Loops involved in protein function: a methyltransferase binding to DNA (top left, PDB 1MHT); the active site of a triosephosphate isomerase enzyme (bottom left, PDB 1NEY); an antibody binding to its antigen (blue, surface representation) via its complementarity determining regions, shown as the coloured loops (centre, PDB 3NPS); the activation loop of a tyrosine kinase has a different conformation in the active (pink) and inactive (blue) forms (top right, PDBs 1IRK and 1IR3); a zinc finger, where the zinc ion is coordinated by the sidechain atoms of a loop (bottom right, PDB 4YH8).

Loops involved in protein function: a methyltransferase binding to DNA (top left, PDB 1MHT); the active site of a triosephosphate isomerase enzyme (bottom left, PDB 1NEY); an antibody binding to its antigen (blue, surface representation) via its complementarity determining regions, shown as the coloured loops (centre, PDB 3NPS); the activation loop of a tyrosine kinase has a different conformation in the active (pink) and inactive (blue) forms (top right, PDBs 1IRK and 1IR3); a zinc finger, where the zinc ion is coordinated by the sidechain atoms of a loop (bottom right, PDB 4YH8).

More insertions, deletions and substitutions occur in loops than in the more conserved α-helices and β-sheets [4]. This means that, for a homologous set of proteins, the loop regions are the parts that vary the most between structures. While this often makes the protein’s function possible, as in the case of antibodies, it leads to unaligned regions in a sequence alignment, standard homology modelling techniques can therefore not be used. This makes prediction of their structure difficultit is frequently the loop regions that are the least accurate parts of a protein model.
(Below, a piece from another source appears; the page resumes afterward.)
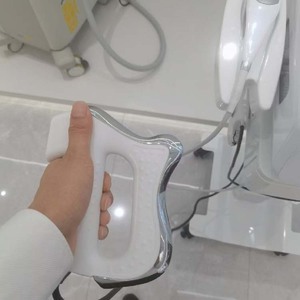 Appareil de beauté multifonctionnel 448K pour le rajeunissement de la peau et la récupération musculaire - Product Image 4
There are two types of loop modelling algorithm: knowledge-based and ab initio. Knowledge-based methods look for appropriate loop structures from a database of previously observed fragments, while ab initio methods generate possible loop structures without prior knowledge. There is some debate about with approach is the best. Knowledge-based methods can be very accurate when the target loop is close in structure to one seen before, but perform poorly when this is not the case; ab initio methods are able to access regions of the conformational space that have not been seen before, but fail to take advantage of any structural data that is available. For this reason, we are currently working on developing a new method that combines aspects of the two approaches, allowing us to take advantage of the available structural data whilst allowing us to predict novel structures.
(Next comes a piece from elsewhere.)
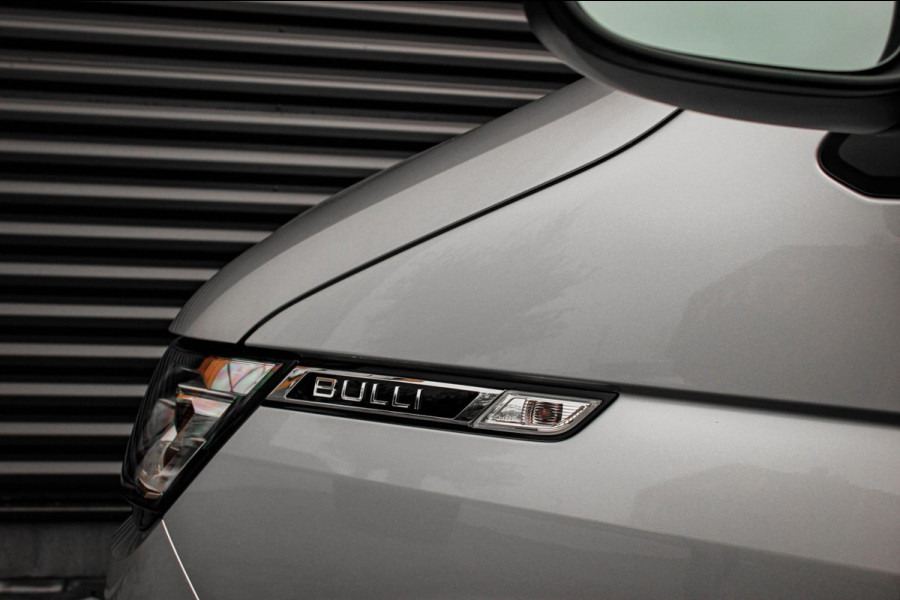 Volkswagen Transporter 2.0 TDI L2H1 150PK NEW LAGE BIJTELLING BULLI / LEDEREN BEKLEDING / DUBBEL CABINE / NAVIGATIE / ACTIVE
[1] L. Regad, J. Martin, G. Nuel and A. Camproux, Mining protein loops using a structural alphabet and statistical exceptionality. BMC Bioinformatics, 2010, 11, 75.

[2] A. Fiser and A. Sali, ModLoop: automated modeling of loops in protein structures. Bioinformatics, 2003, 19, 2500-2501.

[3] J. Espadaler, E. Querol, F. X. Aviles and B. Oliva, Identification of function-associated loop motifs and application to protein function prediction. Bioinformatics, 2006, 22, 2237-2243.

[4] A. R. Panchenko and T. Madej, Structural similarity of loops in protein families: toward the understanding of protein evolution. BMC Evolutionary Biology, 2005, 5, 10.